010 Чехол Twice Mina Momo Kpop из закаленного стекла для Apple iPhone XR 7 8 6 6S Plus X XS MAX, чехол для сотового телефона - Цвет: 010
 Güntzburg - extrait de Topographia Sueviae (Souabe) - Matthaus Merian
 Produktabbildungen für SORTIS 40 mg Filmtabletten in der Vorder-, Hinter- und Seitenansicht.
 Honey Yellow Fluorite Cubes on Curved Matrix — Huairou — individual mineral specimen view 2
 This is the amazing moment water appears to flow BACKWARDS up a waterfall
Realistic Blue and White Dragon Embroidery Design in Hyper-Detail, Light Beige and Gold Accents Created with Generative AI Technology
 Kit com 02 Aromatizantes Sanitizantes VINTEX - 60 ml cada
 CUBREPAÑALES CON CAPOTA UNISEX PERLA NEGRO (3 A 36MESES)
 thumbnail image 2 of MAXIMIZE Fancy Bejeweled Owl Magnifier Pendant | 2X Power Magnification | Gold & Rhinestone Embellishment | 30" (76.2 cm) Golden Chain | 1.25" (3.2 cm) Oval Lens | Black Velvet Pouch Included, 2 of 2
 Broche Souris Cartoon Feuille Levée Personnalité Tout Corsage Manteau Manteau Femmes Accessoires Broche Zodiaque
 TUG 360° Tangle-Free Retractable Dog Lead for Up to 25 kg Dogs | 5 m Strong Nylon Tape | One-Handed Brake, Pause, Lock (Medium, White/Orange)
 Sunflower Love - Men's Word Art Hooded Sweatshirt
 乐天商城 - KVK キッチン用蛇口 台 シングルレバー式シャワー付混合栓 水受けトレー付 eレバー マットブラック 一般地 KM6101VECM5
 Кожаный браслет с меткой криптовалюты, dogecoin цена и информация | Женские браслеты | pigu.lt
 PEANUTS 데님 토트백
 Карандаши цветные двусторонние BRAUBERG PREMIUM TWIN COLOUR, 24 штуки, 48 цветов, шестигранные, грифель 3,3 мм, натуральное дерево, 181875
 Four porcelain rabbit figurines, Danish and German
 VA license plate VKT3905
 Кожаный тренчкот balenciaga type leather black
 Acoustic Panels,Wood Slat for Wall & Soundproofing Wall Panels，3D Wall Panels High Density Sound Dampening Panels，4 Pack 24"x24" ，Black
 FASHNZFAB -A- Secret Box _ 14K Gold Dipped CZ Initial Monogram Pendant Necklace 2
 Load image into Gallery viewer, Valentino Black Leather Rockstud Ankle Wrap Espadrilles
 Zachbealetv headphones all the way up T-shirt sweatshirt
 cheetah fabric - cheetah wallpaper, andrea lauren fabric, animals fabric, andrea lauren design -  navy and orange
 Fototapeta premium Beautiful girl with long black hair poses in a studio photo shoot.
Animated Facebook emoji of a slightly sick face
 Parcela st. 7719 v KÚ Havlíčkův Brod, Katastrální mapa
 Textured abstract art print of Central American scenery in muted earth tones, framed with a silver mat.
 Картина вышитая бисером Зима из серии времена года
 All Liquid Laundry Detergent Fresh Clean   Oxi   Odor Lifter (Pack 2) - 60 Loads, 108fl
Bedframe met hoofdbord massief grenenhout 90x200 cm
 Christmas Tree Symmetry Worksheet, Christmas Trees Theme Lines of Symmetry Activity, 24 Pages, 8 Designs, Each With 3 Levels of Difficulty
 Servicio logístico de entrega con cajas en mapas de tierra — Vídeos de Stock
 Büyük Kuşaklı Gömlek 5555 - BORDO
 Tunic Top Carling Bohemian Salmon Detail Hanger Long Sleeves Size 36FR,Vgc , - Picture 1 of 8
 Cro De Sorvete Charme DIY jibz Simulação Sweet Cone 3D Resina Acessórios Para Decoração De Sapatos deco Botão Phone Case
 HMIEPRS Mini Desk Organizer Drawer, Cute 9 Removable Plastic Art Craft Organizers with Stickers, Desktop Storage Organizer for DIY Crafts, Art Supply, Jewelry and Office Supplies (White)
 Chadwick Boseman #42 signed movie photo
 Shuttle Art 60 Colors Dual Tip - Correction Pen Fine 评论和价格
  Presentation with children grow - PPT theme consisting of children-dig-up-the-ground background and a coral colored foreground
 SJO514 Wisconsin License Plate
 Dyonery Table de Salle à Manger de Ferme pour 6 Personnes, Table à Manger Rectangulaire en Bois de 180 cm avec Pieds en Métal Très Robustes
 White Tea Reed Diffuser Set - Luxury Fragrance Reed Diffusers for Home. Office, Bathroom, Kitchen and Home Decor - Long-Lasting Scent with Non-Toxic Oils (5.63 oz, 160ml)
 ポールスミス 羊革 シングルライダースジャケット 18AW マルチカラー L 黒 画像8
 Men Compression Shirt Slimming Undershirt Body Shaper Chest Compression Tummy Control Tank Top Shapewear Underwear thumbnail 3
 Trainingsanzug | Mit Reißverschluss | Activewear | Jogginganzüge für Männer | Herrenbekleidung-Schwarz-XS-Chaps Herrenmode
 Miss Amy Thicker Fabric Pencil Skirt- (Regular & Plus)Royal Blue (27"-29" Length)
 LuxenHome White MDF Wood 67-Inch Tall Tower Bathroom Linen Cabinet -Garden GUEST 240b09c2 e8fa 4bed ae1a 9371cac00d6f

------------------------------------------------------------

■ What to work on ■
Once the line containing "Miss Amy Thicker" is found, please retype it and every remaining line of the listing above, exactly, with nothing else.

■ Output below ■
 Miss Amy Thicker Fabric Pencil Skirt- (Regular & Plus)Royal Blue (27"-29" Length)
 LuxenHome White MDF Wood 67-Inch Tall Tower Bathroom Linen Cabinet -Garden GUEST 240b09c2 e8fa 4bed ae1a 9371cac00d6f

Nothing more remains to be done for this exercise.